## Work to be completed
Having located "410 Columbia Ave" in the records below, repeat exactly the line it is on and all subsequent lines, ending with the last.

[[ Dataset entries open ]]

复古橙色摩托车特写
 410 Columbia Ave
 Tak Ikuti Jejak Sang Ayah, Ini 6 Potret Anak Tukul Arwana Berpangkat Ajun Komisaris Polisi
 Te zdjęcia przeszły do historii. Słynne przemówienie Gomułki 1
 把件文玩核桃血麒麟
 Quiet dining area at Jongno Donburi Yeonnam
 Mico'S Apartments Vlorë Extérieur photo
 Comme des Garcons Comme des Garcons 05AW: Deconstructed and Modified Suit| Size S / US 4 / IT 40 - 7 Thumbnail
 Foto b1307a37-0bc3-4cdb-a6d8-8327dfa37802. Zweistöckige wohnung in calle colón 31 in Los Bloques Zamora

[[ Dataset entries closed ]]

## Completed task
 410 Columbia Ave
 Tak Ikuti Jejak Sang Ayah, Ini 6 Potret Anak Tukul Arwana Berpangkat Ajun Komisaris Polisi
 Te zdjęcia przeszły do historii. Słynne przemówienie Gomułki 1
 把件文玩核桃血麒麟
 Quiet dining area at Jongno Donburi Yeonnam
 Mico'S Apartments Vlorë Extérieur photo
 Comme des Garcons Comme des Garcons 05AW: Deconstructed and Modified Suit| Size S / US 4 / IT 40 - 7 Thumbnail
 Foto b1307a37-0bc3-4cdb-a6d8-8327dfa37802. Zweistöckige wohnung in calle colón 31 in Los Bloques Zamora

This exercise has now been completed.